A ajuda de custo de até R$ 6,4 mil para mais de 19 mil profissionais da rede municipal de ensino proposta na semana passada pela Prefeitura de Goiânia foi aprovada na manhã desta quinta-feira, 22, em definitivo pelos vereadores. O projeto de lei prevê o repasse ainda neste mês para administrativos e professores. A matéria foi aprovada com a emenda que inclui os aposentados entre os beneficiários. Texto segue para sanção do prefeito Rogério Cruz (Republicanos).

Segundo a prefeitura, a medida tem “natureza indenizatória, aos servidores do magistério e administrativos, com vínculo efetivo ou em comissão, e aos titulares de contratos temporários.

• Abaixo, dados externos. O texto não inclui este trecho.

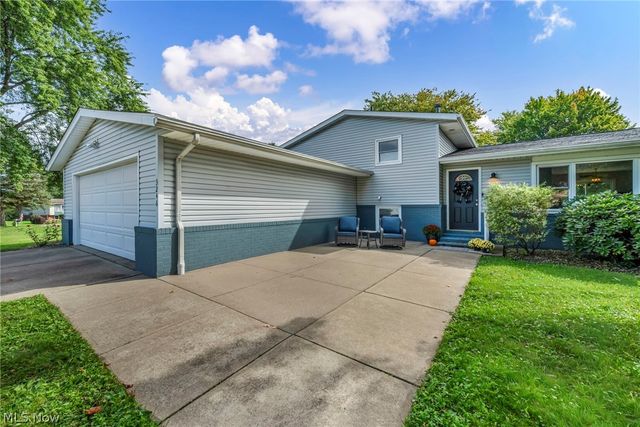 3246 Woodington Avenue SW, Canton, OH 44706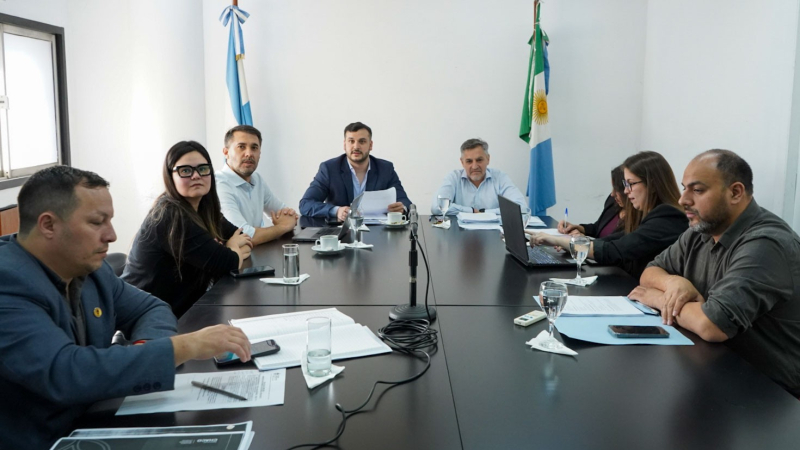 Hacienda cerró las consultas y el Presupuesto quedó listo para llegar al recinto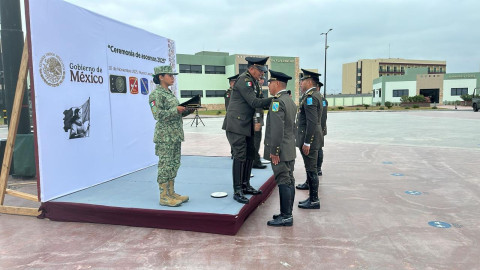 Celebra Ejército en Nuevo Laredo ascensos militares
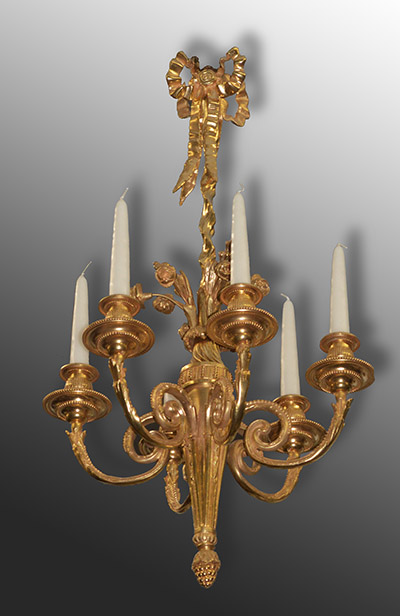 French, Louis XVI style, bronze d'ore chandelier of diminutive proportion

Com isso, objetiva incentivar, auxiliar, suprir e recompor necessidades dos servidores da Educação na execução de suas atividades diárias, ainda que sob regime de teletrabalho, adotado na pandemia de Covid-19 e no período posterior, com relação à aquisição de equipamentos e ao aumento da utilização de dados de internet”.

A vereadora Sabrina Garcez (Republicanos) celebra a aprovação em tempo recorde do abono salarial dos professores do município. Ela destaca que a sessão de hoje foi “movimentada e maravilhosa”.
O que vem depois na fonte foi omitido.